NEW YORK, NY.- "Romaniote Memories - a Jewish Journey from Ioannina, Greece to Manhattan: Photographs by Vincent Giordano" opened on Thursday, September 19th, 2019 at the
Consulate of Greece in New York and will continue through October 3rd, 2019. A lecture and panel discussion about Romaniote Jews will take place at the Consulate on Wednesday, September 25th.
The photographs are part of a multi-media archive, created by Giordano, who died in 2010, which was sponsored by International Survey of Jewish Monuments and since June, 2019 has found a new home at the Hellenic American Project and Special Collections at the Library of Queens College, New York under the direction of Dr. Nicholas Alexiou.
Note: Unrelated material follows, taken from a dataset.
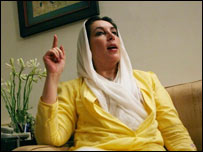 بی نظیر بوتو نخست وزیر سابق پاکستان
The Vincent Giordano multi-media archive is comprised of an assortment of written material, photographic negatives, prints and slides, audio cassettes and other tapes, video mini-cassettes and other recordings, and miscellaneous material related to Giordano's more than decade-long documentation of the Greek-Jewish community of Kehila Kedosha Janina in New York and the synagogue and community in Ioannina, Greece. Mr. Giordano received a grant from the Fulbright Foundation in 2009 with the Jewish Museum of Greece acting as the host institution.
In 1999, photographer Vincent Giordano made an unplanned visit to the small Kehila Kedosha Janina (KKJ) synagogue on New Yorks Lower East Side. He knew little about Judaism or synagogues, and even less about the Romaniote Jewish tradition of which KKJ, built in 1927, is the lone North American representative. In this he was not alone. Romaniotes are among the least known of Jewish communities. Since the Holocaust, when 85% of all Jews in Greece perished and the historic Romaniote communities in Greece largely destroyed, KKJ has struggled to maintain its millennia-old traditions.